Armed services personnel in Afghanistan will see their operational allowance doubled to £4,800 – as announced by David Cameron two weeks ago.

PENSIONS

The basic state pension will be linked to earnings from April 2011, with the pension guaranteed to rise in line with earnings, prices or 2.5%, whichever is the greater.

The government will accelerate the increase in state pension age to 66 – a “call for evidence” will be made later this week.

The government will also consult on phasing out the default retirement age – to ensure those who want to work past 65 are able to do so.

Former Labour Work and Pensions Secretary John Hutton to review public sector pensions, ahead of the autumn spending review.

BUSINESS

From April 2011, the threshold at which employers start to pay National Insurance will rise by the rate of inflation plus £21 per week.

Corporation Tax will be cut next year to 27%, and by 1% annually for the next three years, until it reaches 24%.

The small companies’ tax rate will be cut to 20%.

Tax relief for the video games industry will be scrapped.

BANKS

A bank levy will be introduced, which will apply to the balance sheets of UK banks and building societies and the UK operations of foreign banks from January 2011. But smaller banks will not have to pay. It is expected to raise over £2bn a year.

ENVIRONMENT

The government will “explore changes to the aviation tax system” such as switching from a per-passenger to a per-plane levy. It will consult on major changes.

Government looking at reforming the climate change levy “to provide more certainty and support to the carbon price”. Proposals to be published in the autumn.

The Office for Budget Responsibility will assess the effect of oil price fluctuations on the public finances over the summer, before the government looks at options for a “fair fuel stabiliser” – which would see fuel duty fall when prices go up, and vice versa.

Case for rural fuel duty discount is under consideration.

REGIONS

White Paper to be published on tackling regional economic differences in Britain later in the summer, followed by a paper on rebalancing the economy of Northern Ireland.

The upgrade of the Tyne and Wear Metro, extension of the Manchester Metrolink, redevelopment of Birmingham New Street station and improvements to the rail lines to Sheffield and between Liverpool and Leeds will go ahead.

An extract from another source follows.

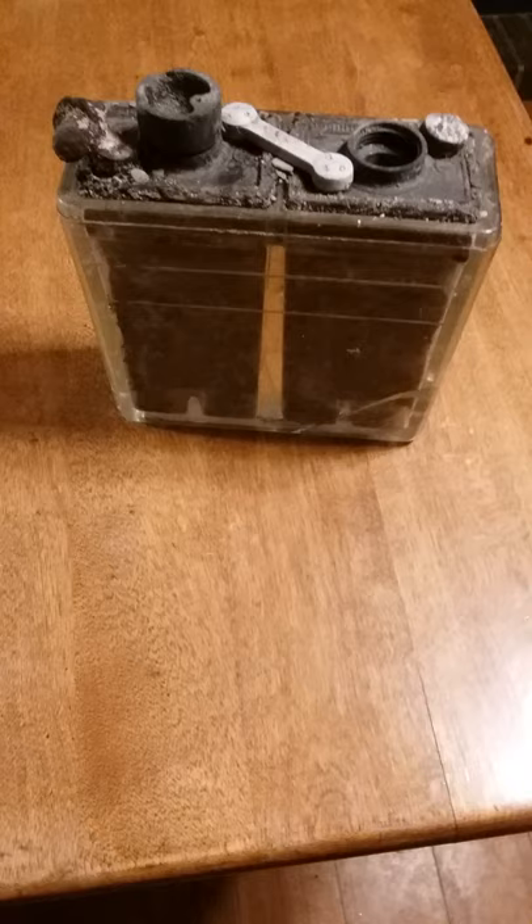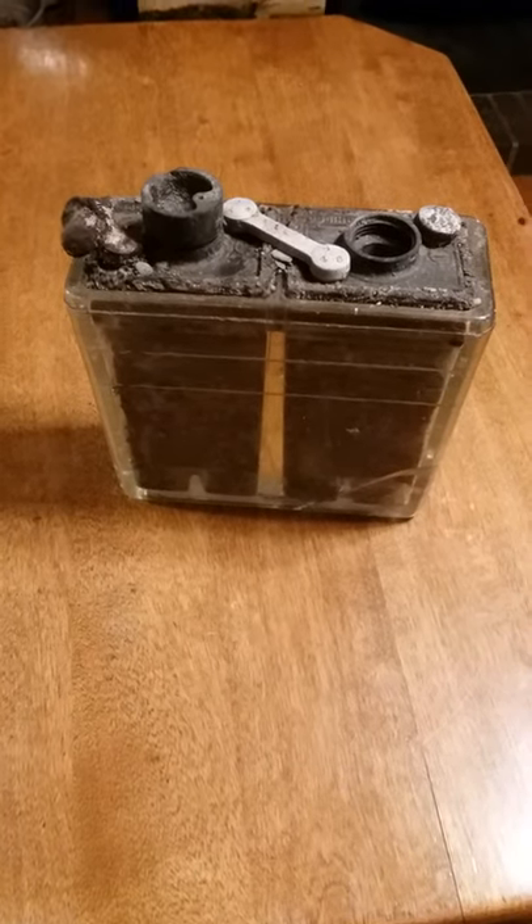Awesome find, and some of the carbon is still inside of it. Thanks for watching.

A Regional Growth Fund will be created to help fund regional capital projects over two years.

People setting up new businesses outside London, the South East and the east of England will be exempt from £5,000 of National Insurance payments for the first 10 workers.

UK ECONOMY

Growth forecast revised down from 2.6% to 2.3% in 2011.

The economy is predicted to grow by 1.2 % this year, 2.3% next year, 2.8% in 2012, 2.9% in 2013 and 2.7% in both 2014 and in 2015.

Debt to peak in 2013/14 at 70% of GDP.

Unemployment is forecast to peak this year at 8.1% and then fall for each of the next four years, to reach 6.1% in 2015.

Consumer price inflation is expected to reach 2.7% by the end of 2010 before “returning to target in the medium term”. The inflation target remains at 2%, as measured by the Consumer Prices Index.

The UK is set to miss the previous government’s “golden rule” – of borrowing only to invest over the economic cycle – in the current cycle by £485bn.

BORROWING

Underlying current budget deficit should be “in balance” by 2015/16.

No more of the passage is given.